Jacob Aue Sobol. Photo: Roberta Tavares
How did you first meet Anders Petersen? Did you choose to work with him, or were you invited?
I have to think about this. I think that the first time I heard about the project was when Anders Petersen called me himself. He said that he'd like to put on a show with me, and asked me if I'd be interested.
Did you know him personally beforehand?
I knew of his works, of course, and he had also been my teacher – for a very short time in 1999, at the Danish photography school Fatamorgana. This school had been inspired by Christer Strömholm's school in Stockholm, where Anders taught. He was our guest-lecturer for a week, but I doubt that he remembered me from that time; it's more likely that he had seen my works that were done at a later time. The head of Fatamorgana was Morten Bo. He was very inspired by Christer Strömholm, and that's why he developed a similar school in Copenhagen – with the same approach to photography and way of communicating with people.
What is this special approach?
For me, it was unlike anything I had ever experienced before. At the time, I was a complete beginner and I hadn't taken many pictures. Every week we had a new guest-lecturer, and I had the opportunity to learn various approaches and to try them out. That was a part of student life – meeting new teachers and getting to know their work and methods. With Anders, it was special – I could feel his fascination with other people. He wasn't somebody who looked in from the outside, but rather a photographer who was ready to put his camera aside, meet new people, get to know them, and only then – take their pictures. It was more subjective; it was more about meeting someone and the intimate contact that occurs between you and the person that you are photographing.
Was Anders Petersen your main inspiration?
At the time, the inspirations were many and varied, including Nan Goldin and Martin Parr – who was a completely different kind of photographer. I just want to say that I was 21 back then, and I was very open to trying different things. One week my pictures looked like this, the next week they were different. Later, when I finished school, I had to find myself, my own language, and that was a challenge.
Jacob Aue Sobol.

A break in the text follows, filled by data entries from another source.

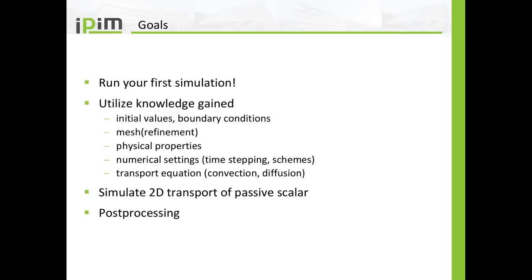Then how to set up physical properties and numerical settings like time steps and discretization schemes. And I want you to understand transport equations and the phenomena like convection and diffusion.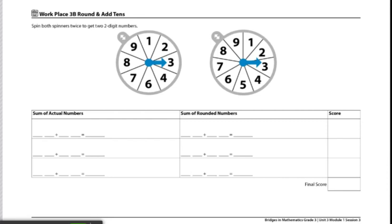To begin this game, both players will decide who will spin and who will record the number, and then they will switch turns throughout the whole game.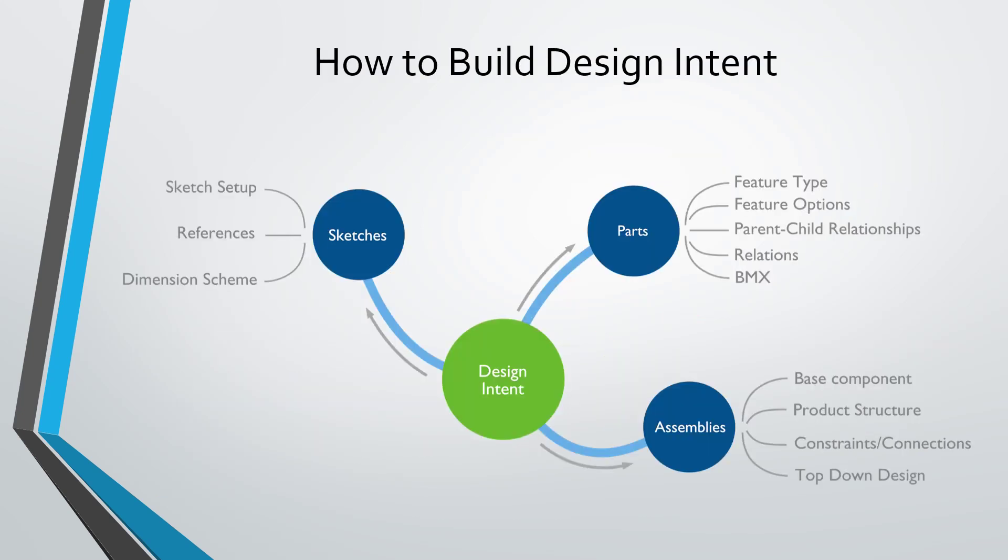We can build design intent into our models at many different levels. In our sketches, our sketch setup—what we choose as our sketch plane and orientation reference plane, our sketch references, and our dimensioning scheme consisting of dimensions and constraints—builds design intent into our sketches.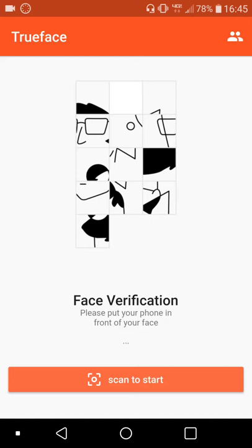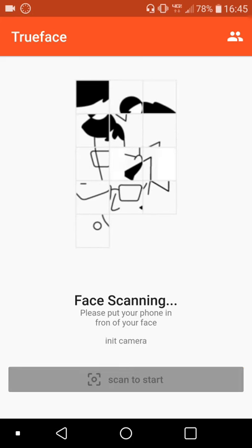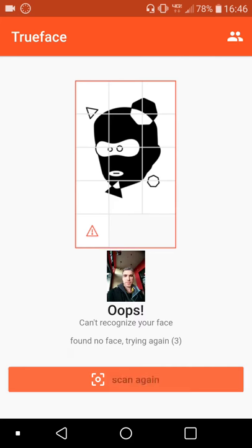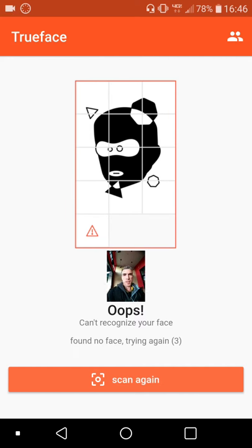Initially it's going to fail because my image is not actually enrolled yet, but I want to show you that. If it did not recognize me, I'll now enroll my image in the collection.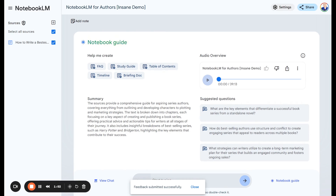With all that said, let me show you a real demo of what this is like. I uploaded my book, How to Write a Best-Selling Novel Series. This only took a few minutes for Notebook LM to create this almost 40-minute podcast. I'm just going to let it play for a little bit and jump in with comments every once in a while. I want you to see how cool this is. Here we go.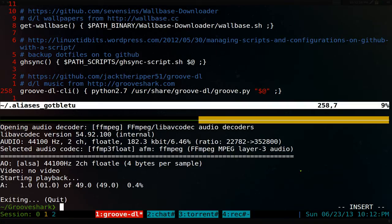But anyways, that's it for GrooveDL, the GUI version and the command line version. Pretty cool. That'd be it for this one.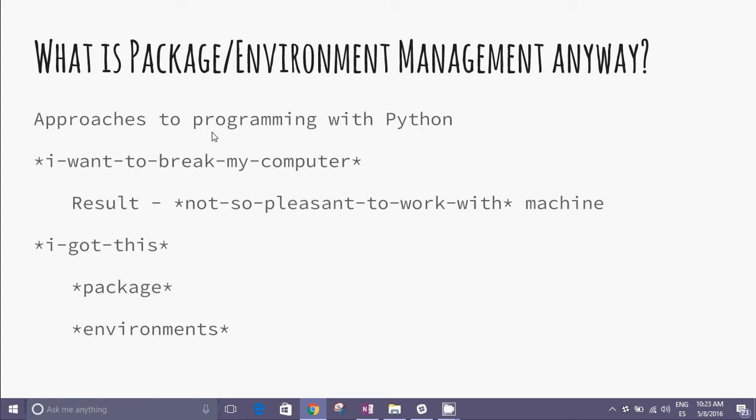There are two approaches to programming with Python. I want to read my computer and result not so pleasant to work with machine. Second approach, I got this. I got this package. I got this environment.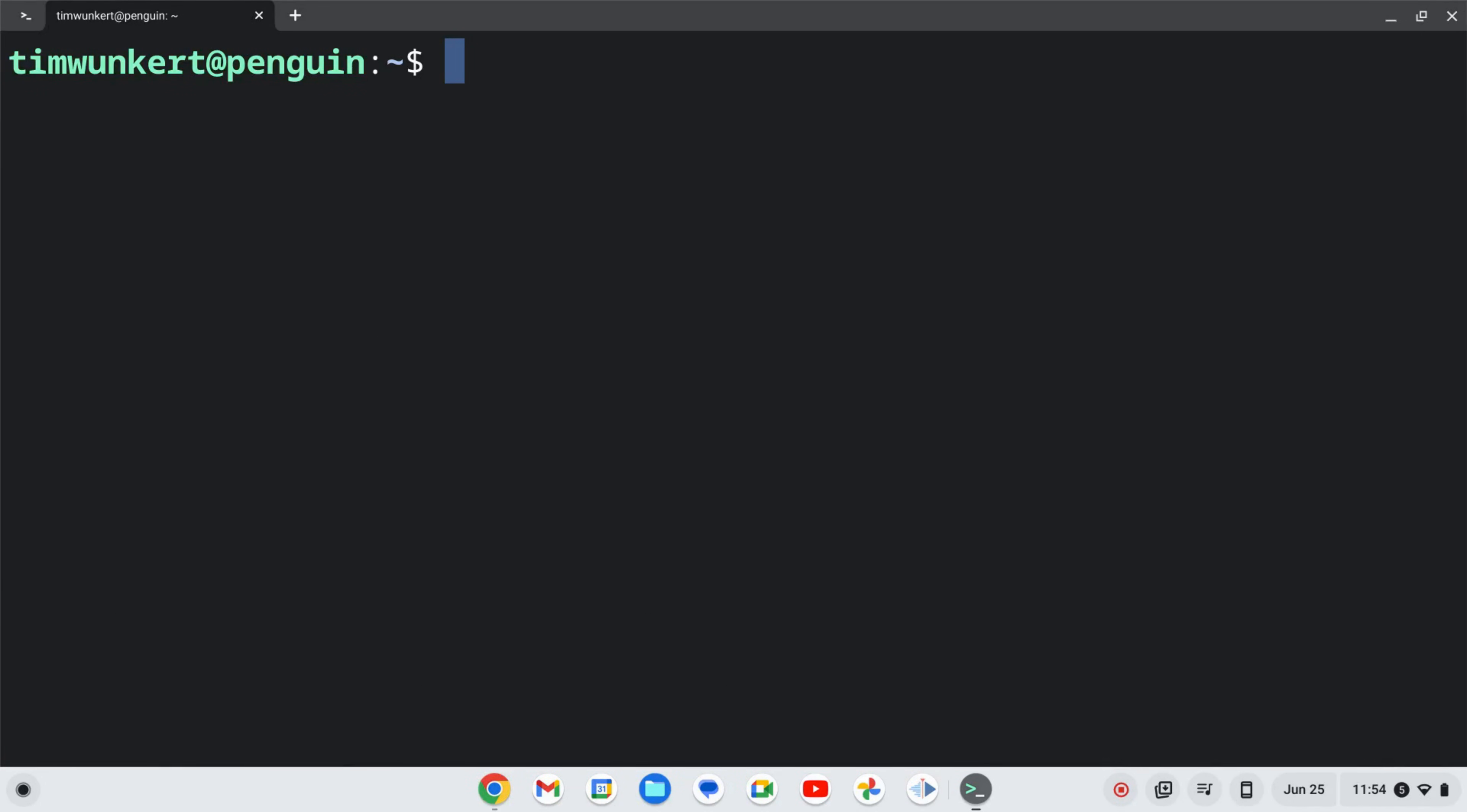Once the Linux development environment is enabled, we can install OpenShot. To do that, we'll type sudo apt-get install openshot and hit enter.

Sabine
How did you find your own language, and what did it consist of?
When I finished college, I decided to go to the eastern coast of Greenland, a very desolate region. There were several reasons for doing this – my father had recently died, and he had been to Greenland and told me many stories about the place; he had also given me a book by an artist from Greenland, which had very minimalistic drawings and poems about daily life on the eastern coast of Greenland.
The author of the book was both an artist and a poet?
Yes, and also a hunter. The book was about the conflict between the traditional way of life and the modern world. Denmark colonized Greenland, and there exists a conflict between the traditional Inuit culture and Danish culture. A part of his poems were on this theme. I thought it would be interesting to do a project in eastern Greenland about this strange connection between the past and the present, and the current cultural conflict. But it ended up completely different because I fell in love with a local woman, Sabine, and as a result, I spent two years living in her village of about 150 people. I lived with her family, who taught me to hunt and fish, and so that's what I did then. During that time, there were about six months in which I didn't even do any photography – I didn't feel like I should; there were other, more important things to do. For example, making sure the family had enough food. I discovered that in these small villages, the people are rather poor, even if they do receive a lot of subsidies. When I went out to hunt and photograph at the same time, they couldn't care less that I returned with two full rolls of film. And why should they? But when I came back with a seal or with fish, the whole family was happy. One seal could feed them for a week. That's how they survive. That became my daily life. After about six months, it was time for the christening of Sabine's sister's child. Sabine was very happy about this and she started to dance at the house, even getting up on the table; as she held up her skirt, her ripped pantyhose were revealed. I remember that moment as the first time that I felt that I want to photograph again – because what I had seen was something that I wanted to remember and hold on to. I only had a small camera for snapshots because the big one was broken. So, with the small camera, I saved her dancing for posterity; afterwards, I began to photograph every emotional situation that I felt that I wanted to document. Namely, I began to photograph daily life with my girlfriend, basically taking inspiration from love and curiosity.
From Sabine series
You hadn't taken pictures of such subjects before then?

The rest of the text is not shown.